▸ **What needs to be done**: Of the lines listed below, return exactly those that run from the line containing "FATAL FURY 2 Super Famicom HORI PAD" through the line containing "Cerrowire 500 ft.", both included.

▸ **Material provided**:
·····
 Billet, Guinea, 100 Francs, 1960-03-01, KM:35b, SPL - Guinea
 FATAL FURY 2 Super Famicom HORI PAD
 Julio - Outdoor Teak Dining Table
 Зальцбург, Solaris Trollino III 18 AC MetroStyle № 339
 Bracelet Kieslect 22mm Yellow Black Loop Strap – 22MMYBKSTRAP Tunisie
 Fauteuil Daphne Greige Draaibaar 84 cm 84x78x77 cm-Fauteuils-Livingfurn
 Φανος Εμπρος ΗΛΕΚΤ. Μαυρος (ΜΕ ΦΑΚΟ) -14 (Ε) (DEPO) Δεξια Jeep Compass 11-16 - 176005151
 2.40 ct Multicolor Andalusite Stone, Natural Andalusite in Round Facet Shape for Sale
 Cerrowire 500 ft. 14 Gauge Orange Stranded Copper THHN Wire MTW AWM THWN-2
·····
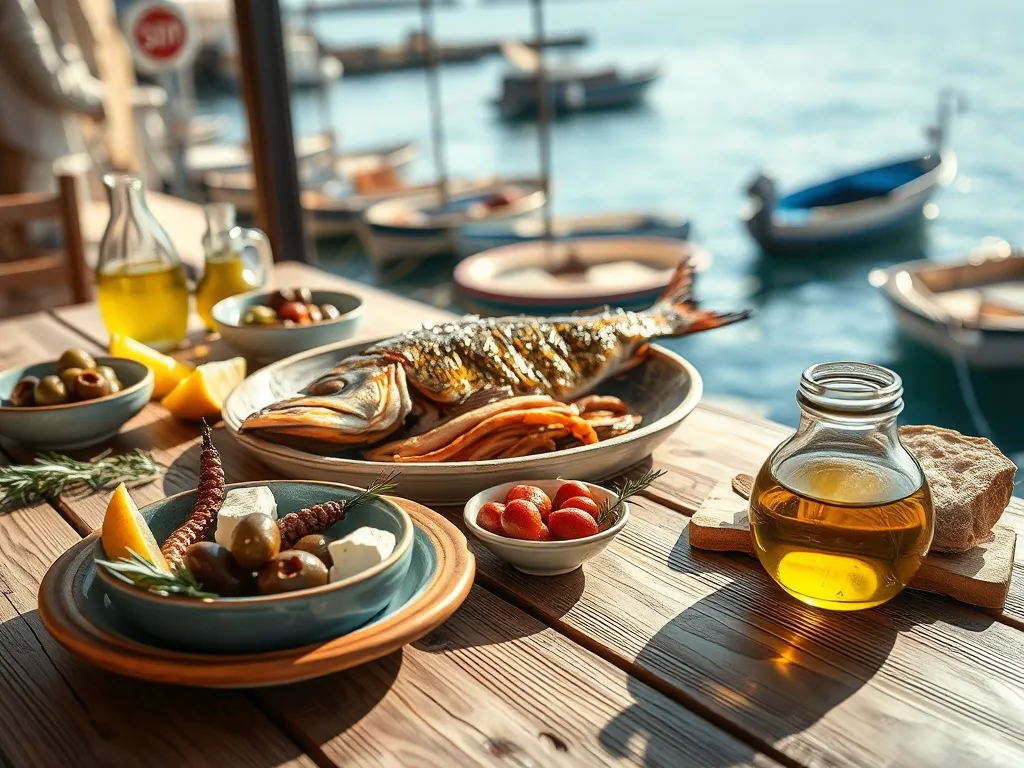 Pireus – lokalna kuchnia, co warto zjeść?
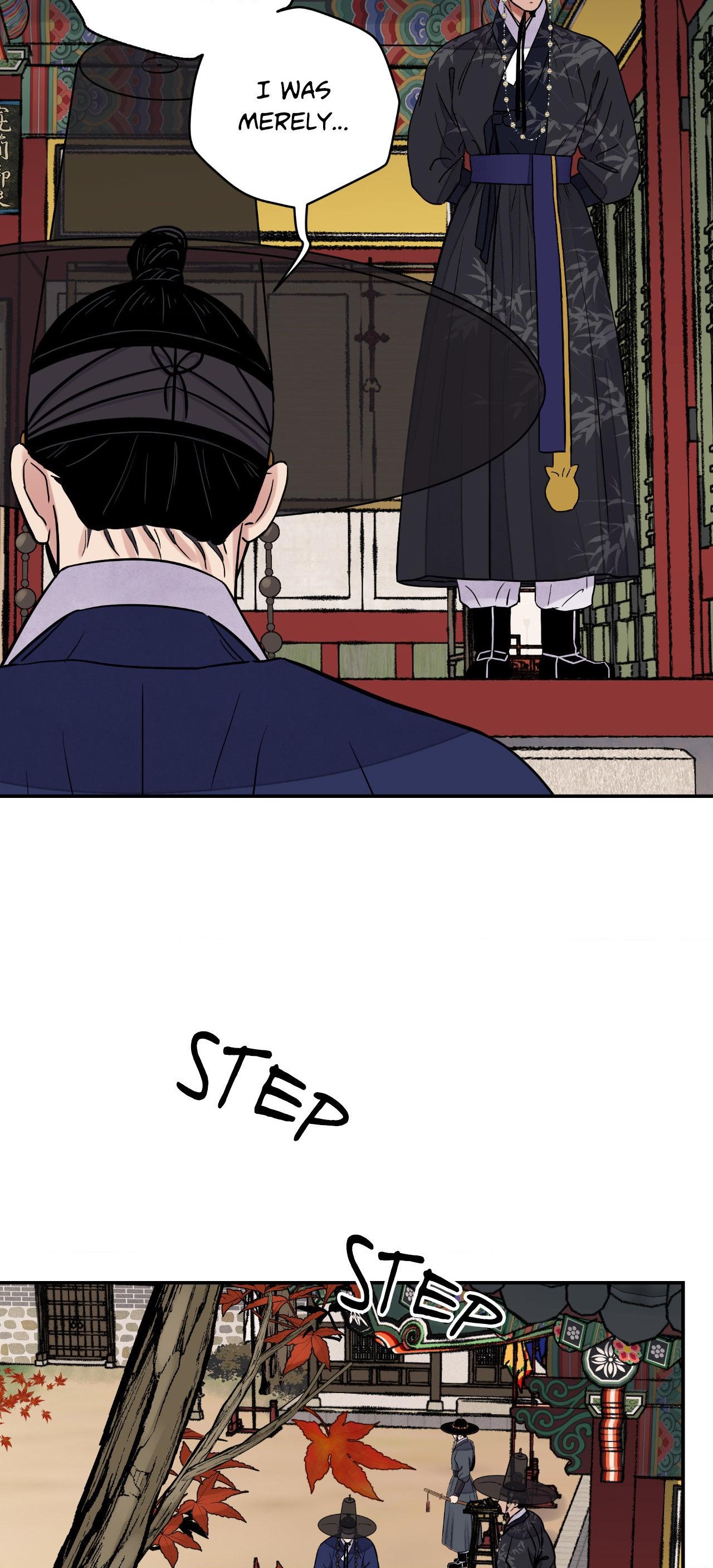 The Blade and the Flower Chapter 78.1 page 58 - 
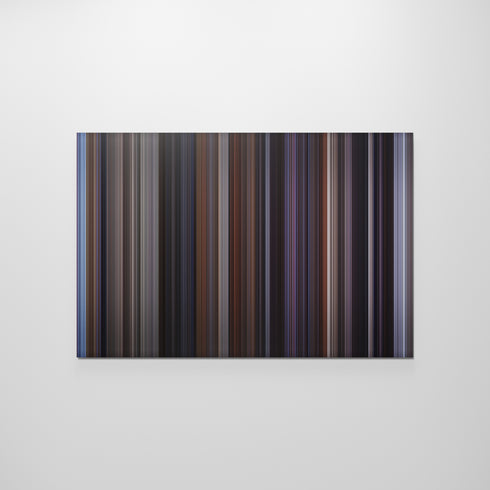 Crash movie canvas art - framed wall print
·····
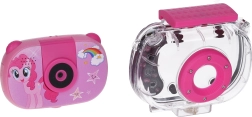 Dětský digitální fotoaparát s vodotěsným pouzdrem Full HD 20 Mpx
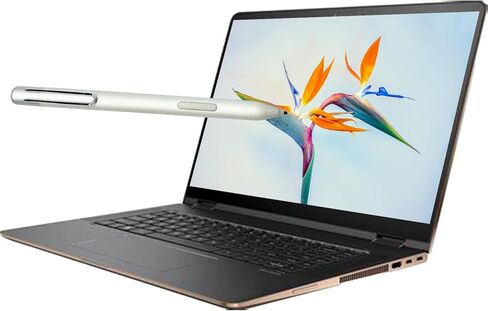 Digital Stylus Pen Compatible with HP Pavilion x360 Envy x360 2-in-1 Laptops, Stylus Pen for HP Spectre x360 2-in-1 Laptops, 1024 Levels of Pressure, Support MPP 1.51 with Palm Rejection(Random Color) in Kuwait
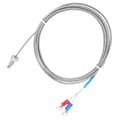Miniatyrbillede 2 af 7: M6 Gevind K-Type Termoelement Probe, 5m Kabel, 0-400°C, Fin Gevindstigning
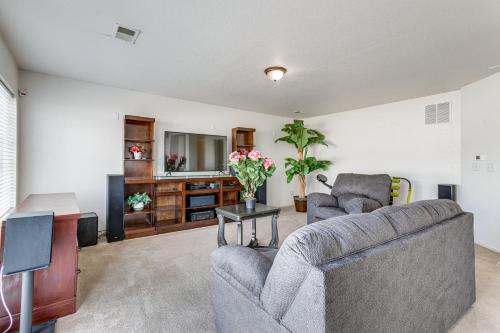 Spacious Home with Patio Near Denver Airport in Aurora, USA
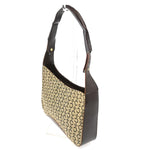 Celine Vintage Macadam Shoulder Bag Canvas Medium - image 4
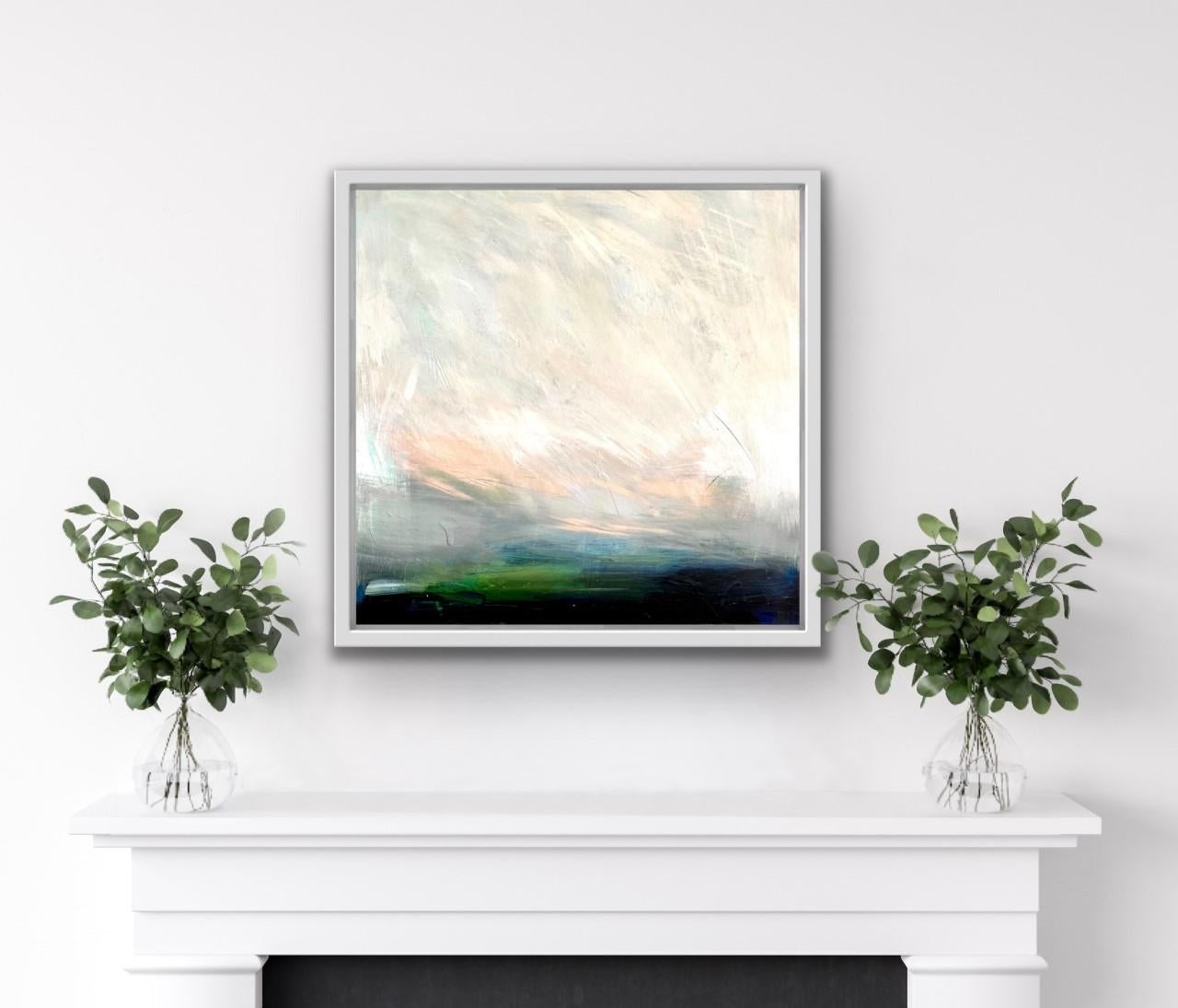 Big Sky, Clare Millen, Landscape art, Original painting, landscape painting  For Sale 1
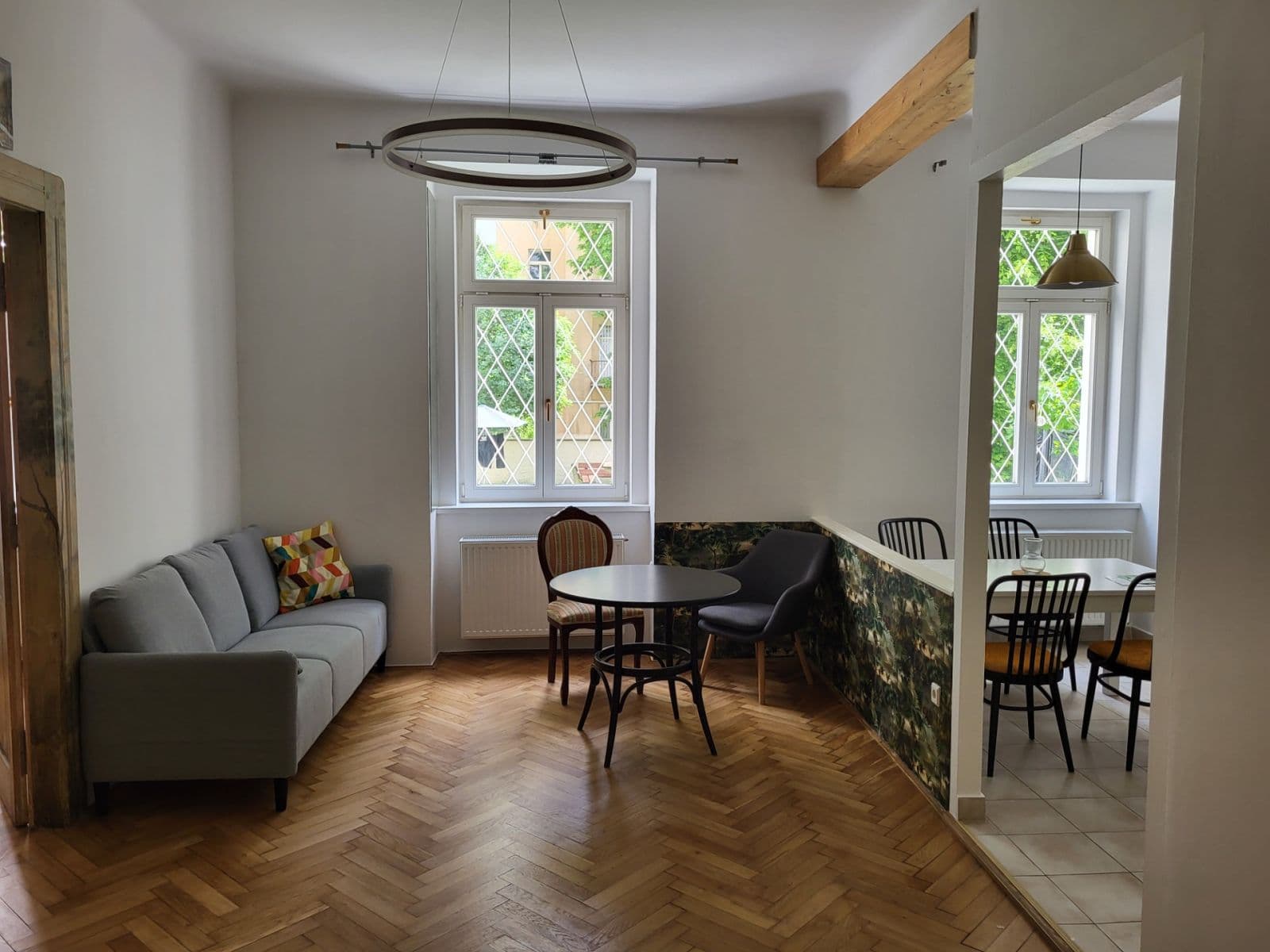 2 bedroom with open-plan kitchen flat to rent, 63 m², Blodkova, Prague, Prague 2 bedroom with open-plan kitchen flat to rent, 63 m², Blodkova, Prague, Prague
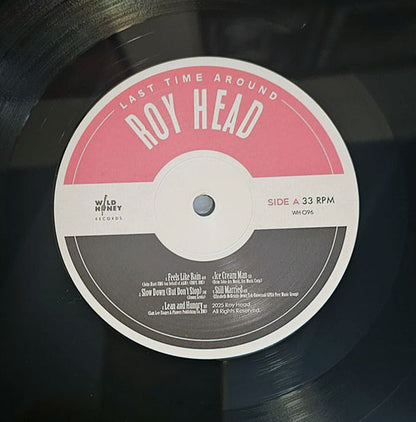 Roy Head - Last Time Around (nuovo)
·····
▸ **Task result**:
 FATAL FURY 2 Super Famicom HORI PAD
 Julio - Outdoor Teak Dining Table
 Зальцбург, Solaris Trollino III 18 AC MetroStyle № 339
 Bracelet Kieslect 22mm Yellow Black Loop Strap – 22MMYBKSTRAP Tunisie
 Fauteuil Daphne Greige Draaibaar 84 cm 84x78x77 cm-Fauteuils-Livingfurn
 Φανος Εμπρος ΗΛΕΚΤ. Μαυρος (ΜΕ ΦΑΚΟ) -14 (Ε) (DEPO) Δεξια Jeep Compass 11-16 - 176005151
 2.40 ct Multicolor Andalusite Stone, Natural Andalusite in Round Facet Shape for Sale
 Cerrowire 500 ft. 14 Gauge Orange Stranded Copper THHN Wire MTW AWM THWN-2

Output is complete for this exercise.